# This is a practical thinker...



## Alan Small (Dec 30, 2019)

Very cool use what you've got


----------



## silvertonebetty (Jan 4, 2015)

Alan Small said:


> Very cool
> View attachment 389464


What’s going on here


----------



## keto (May 23, 2006)

silvertonebetty said:


> What’s going on here


Signal, maybe stereo for red & white, common ground around the bodies of all. Using the extremely conductive copper. Because they don't have the correct RCA adapters, but the amp/headphone output carries the same type of signal. Whether the strength of the signal is of the right electrical strength, and whether the 'ground' provides any actual usefullness, indeed, whether my total analysis is flawed beyond comprehension, is not for me to say.


----------



## bw66 (Dec 17, 2009)

I would assume that the outer shells of the RCA connectors would be connected internally, so you should only need to wrap the "common" around one of the jacks, but better safe than sorry, I suppose.


----------



## laristotle (Aug 29, 2019)




----------



## Latole (Aug 11, 2020)

laristotle said:


> View attachment 389479



Never never do that ! It is not safe.


----------



## Latole (Aug 11, 2020)

Alan Small said:


> Very cool use what you've got
> View attachment 389464


Good idea;
IMO, solid wires contacts won't last, won't work long time.
Use the right adapter or make a better one.


----------



## Milkman (Feb 2, 2006)

laristotle said:


> View attachment 389479



Remote light switch. Insert into any receptacle.


----------



## Paul Running (Apr 12, 2020)

Rev-1: Figure-8 wrap for increased mechanical connection:


----------



## Latole (Aug 11, 2020)

Paul Running said:


> Rev-1: Figure-8 wrap for increased mechanical connection:
> 
> View attachment 389488



Not good.


----------



## laristotle (Aug 29, 2019)




----------



## Business (Jul 30, 2013)

A practical thinker in the 60's perhaps
In the 80's go, to Radio Shack
In the 21st Century, find the proper adapter online


----------



## KapnKrunch (Jul 13, 2016)

Alan Small said:


> Very cool use what you've got
> View attachment 389464


The audiophile version requires functionally pure silver wire.


----------



## Paul Running (Apr 12, 2020)




----------



## KapnKrunch (Jul 13, 2016)

LOL. @Paul Running 

And for an extra grand... the figure eight wrap!!


----------



## Permanent Waves (Jun 2, 2020)

Latole said:


> Never never do that ! It is not safe.


When I was a teenager and strings were too much expense for my limited budget, I kept a pile of unbroken used ones behind my stereo as spares.
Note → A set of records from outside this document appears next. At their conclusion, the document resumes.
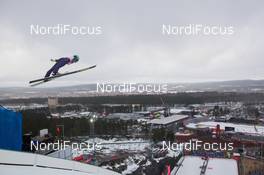 26.02.2015, Falun, Sweden (SWE): Eetu Vaehaesoeyrinki (FIN) - FIS nordic world ski championships, nordic combined, individual gundersen HS134/10km, Falun (SWE). www.nordicfocus.com. © NordicFocus. Every downloaded picture is fee-liable.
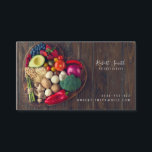 Ernährungswissenschaftler Dietologist Sport-Doktor Visitenkarte<br><div class="desc">Entworfen durch paplavskyte.</div>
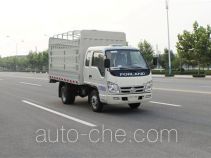 Грузовик с решетчатым тент-каркасом Foton BJ5036CCY-B2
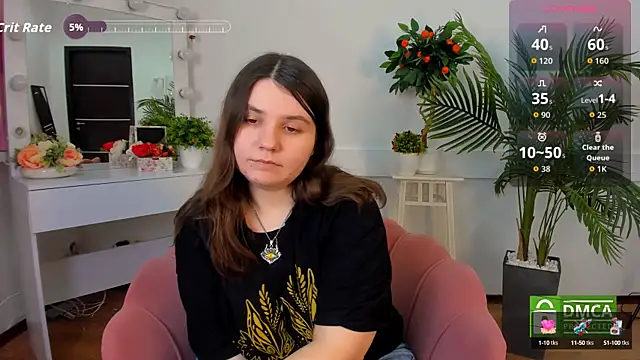 Viola  Shy online show from 10-11-25, 08:43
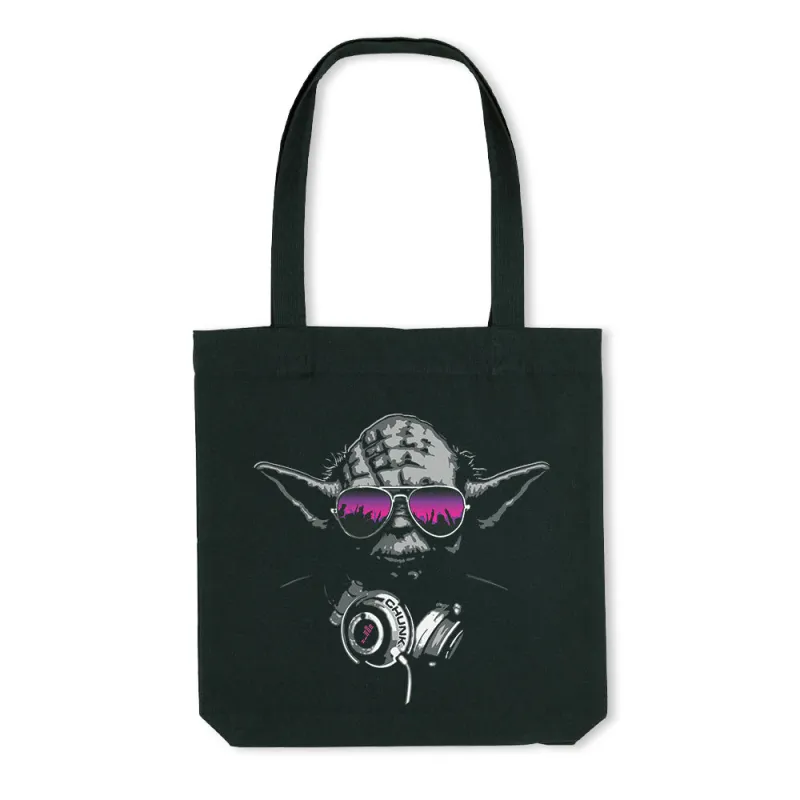 DJ Knight Black Tote Bag (Copy) sold by Chunk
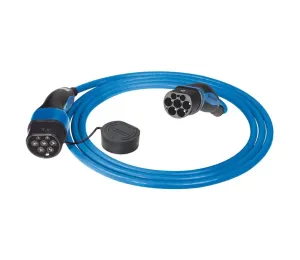 Mennekes Mennekes - Nabíjecí kabel pro elektromobily typu 2 4m 7,4kW 32A IP44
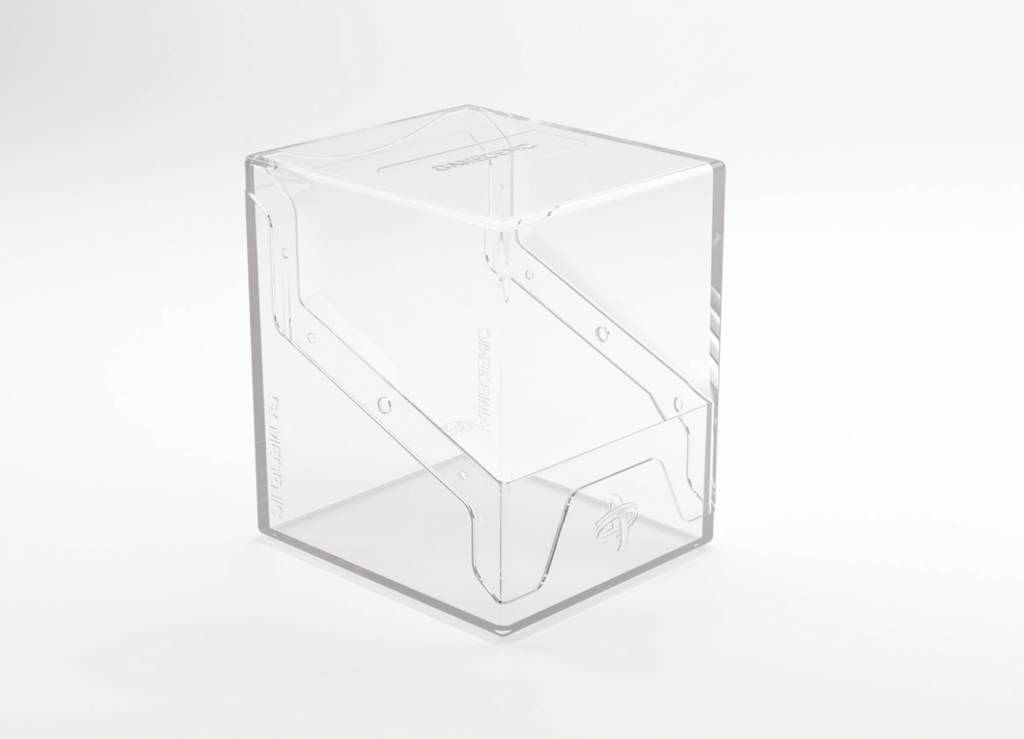 Deck Box: Gamegenic - Bastion 100+ XL, Clear (لوازم لعبة لوحية)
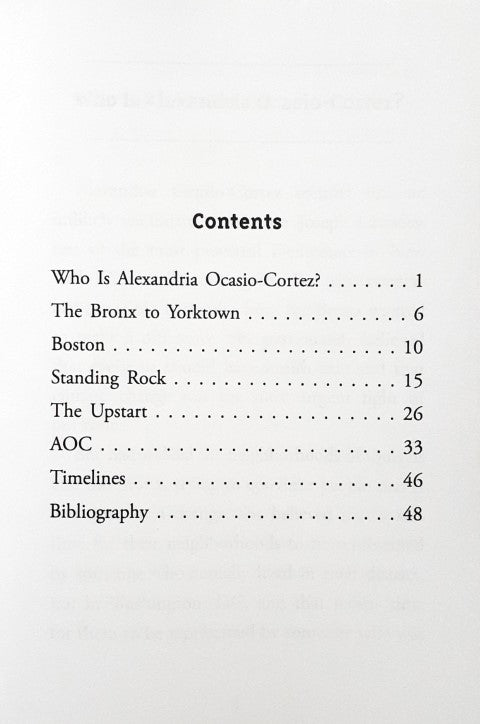 Who Is Alexandria Ocasio-Cortez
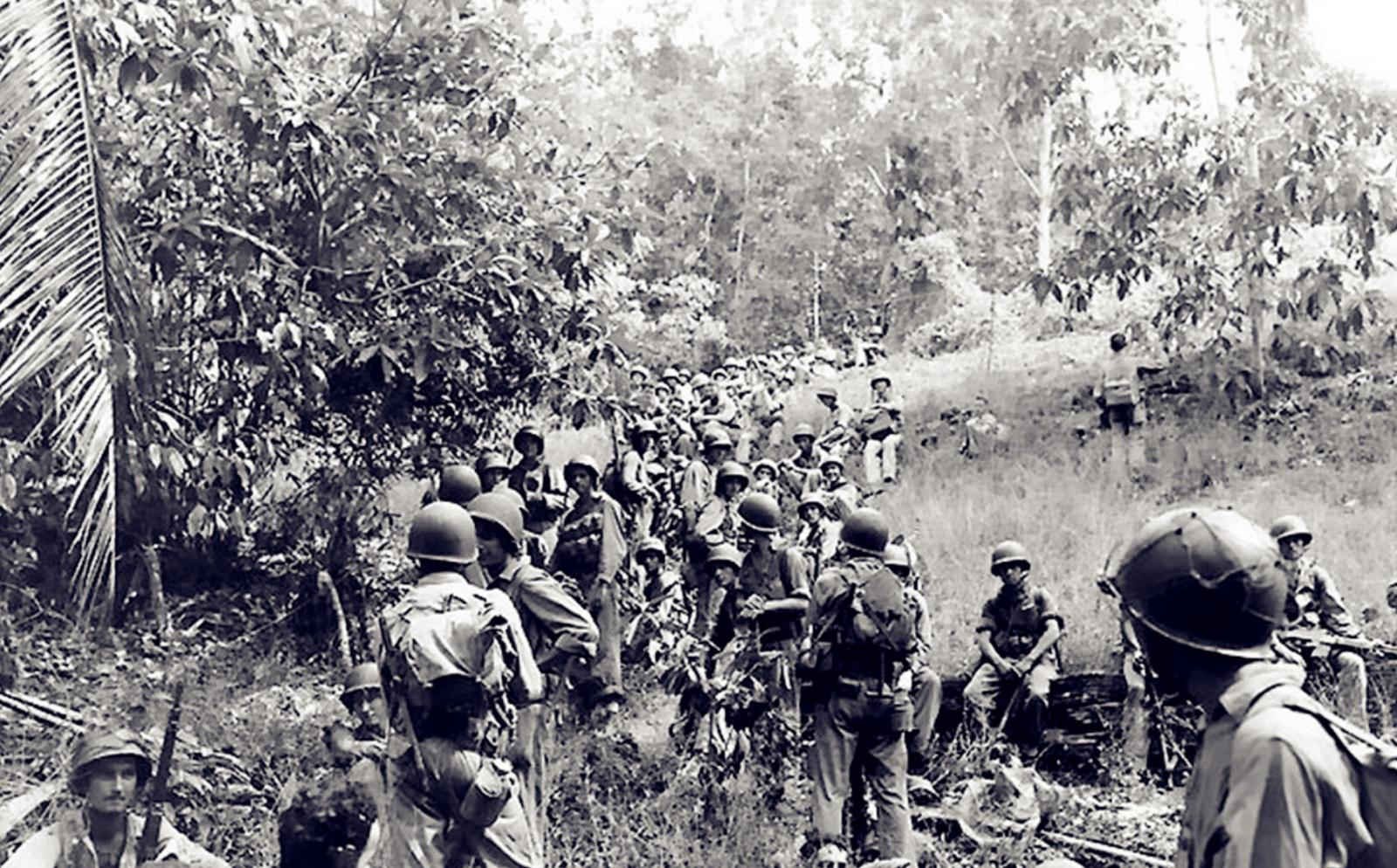 人间惨剧！瓜岛战役结束后，美军从日军胃中发现人肉残渣和脚趾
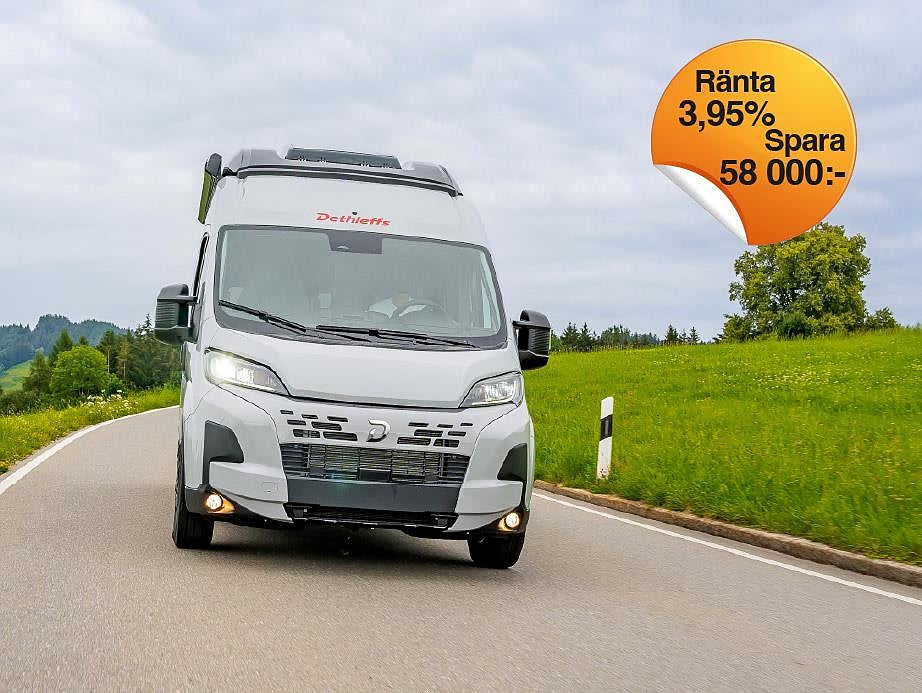 Dethleffs Globetrail 600 DK  Priskampanj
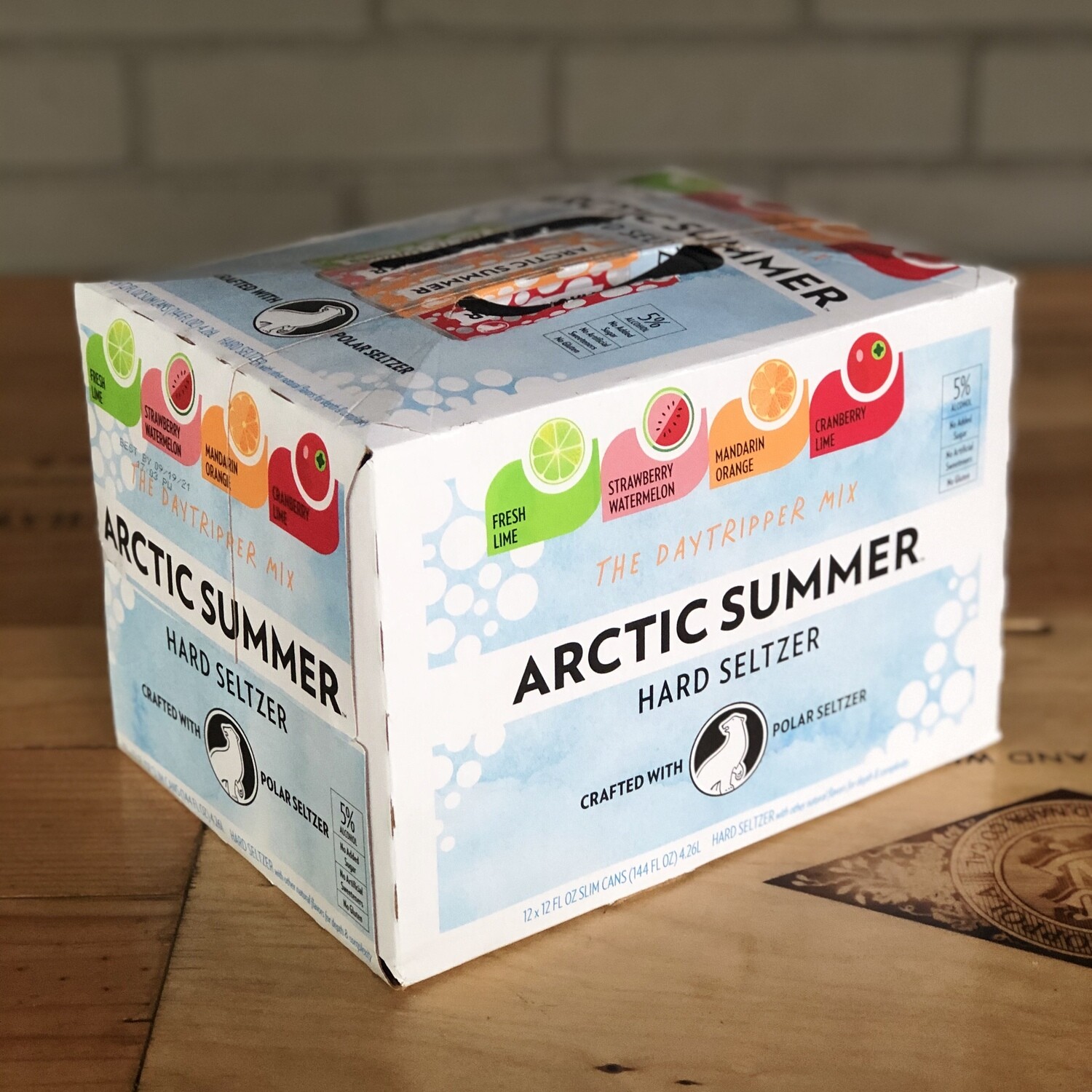 Arctic Summer Hard Seltzer Daytripper Mix Pack (12pk)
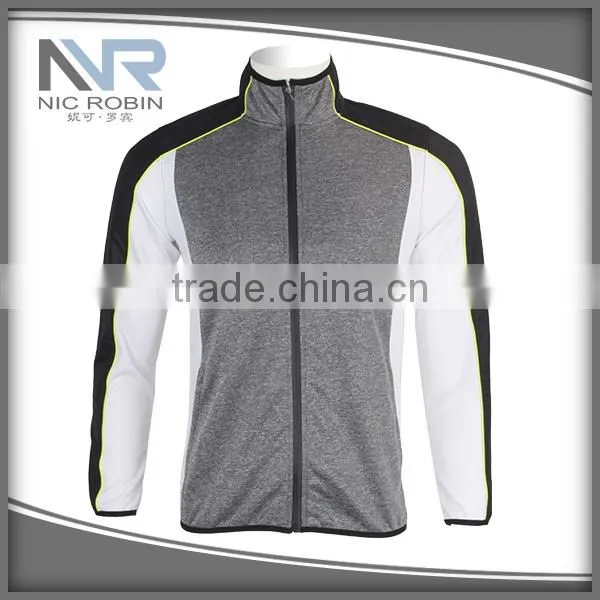 Bulk Wholesale Zipper Up Custom Jacket Male With Custom Logo photo-2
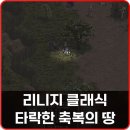 렙업 | 리니지 클래식 타락한 축복의 땅 신규 ATS 사냥터 오토 경험치 후기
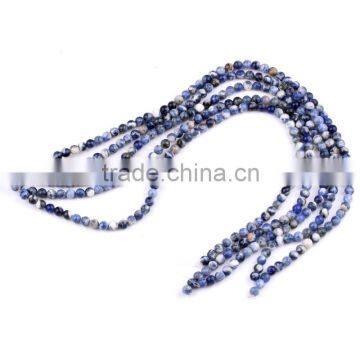 6mm sodalite jasper natural loose beads stone beads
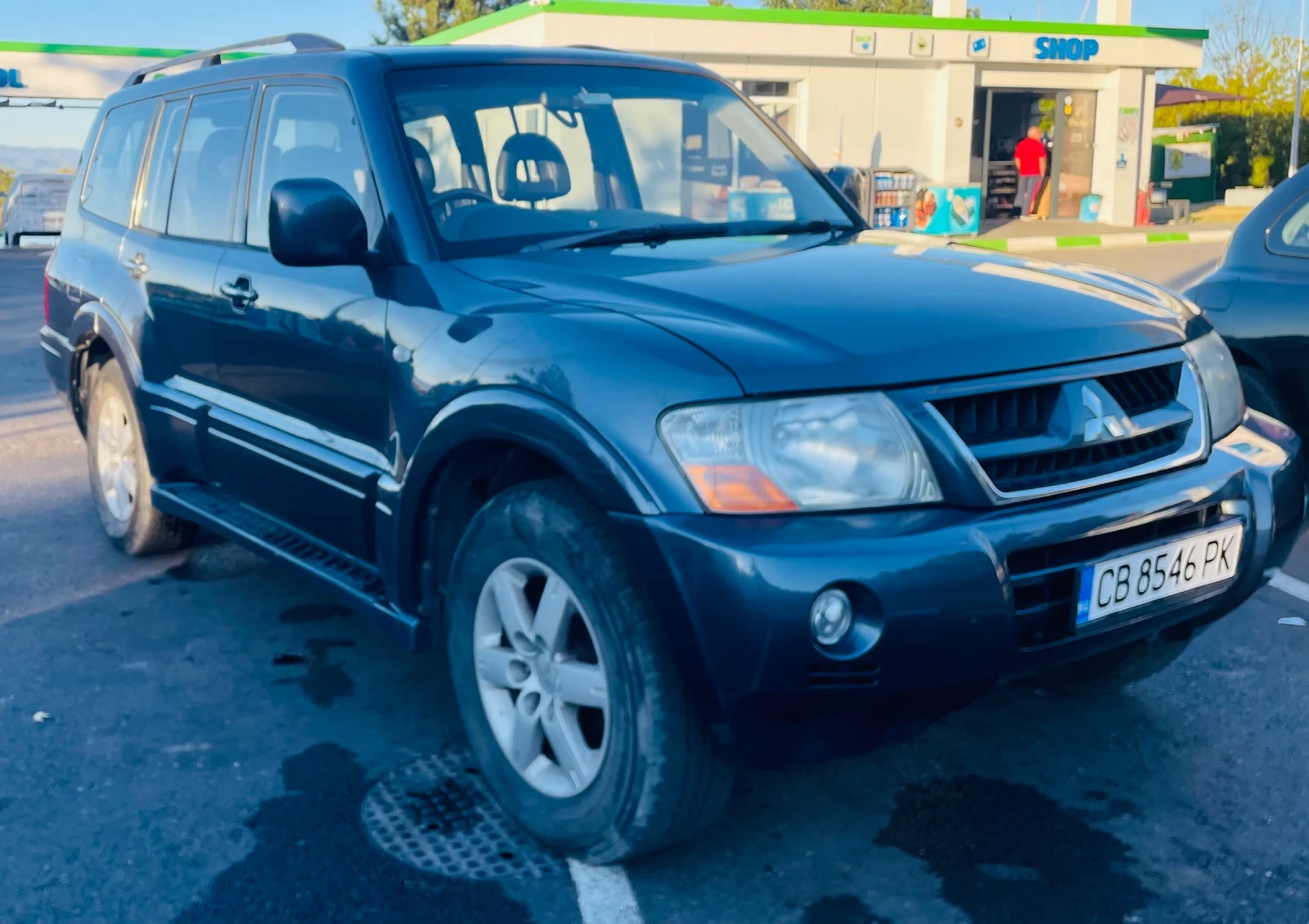 Mitsubishi Pajero, снимка 2 - Автомобили и джипове - 56362458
One day I was plugging my stereo in and I didn't notice I picked up a high E string with the prongs and plugged it in, shorting it out. That was quite an exciting spark and it actually broke the string and fused half of it to one of the prongs.


----------



## 2N1305 (Nov 2, 2009)

laristotle said:


> View attachment 389479


Absolutely hilarious! And it will work, and there's "almost" nothing wrong with doing it that way!


----------



## Latole (Aug 11, 2020)

Paul Running said:


> Rev-1: Figure-8 wrap for increased mechanical connection:
> 
> View attachment 389488



No reliable in my opinion. May work sometimes not always


----------



## Latole (Aug 11, 2020)

Alan Small said:


> Very cool use what you've got
> View attachment 389464



Not reliable IMO. may work sometimes, not always


----------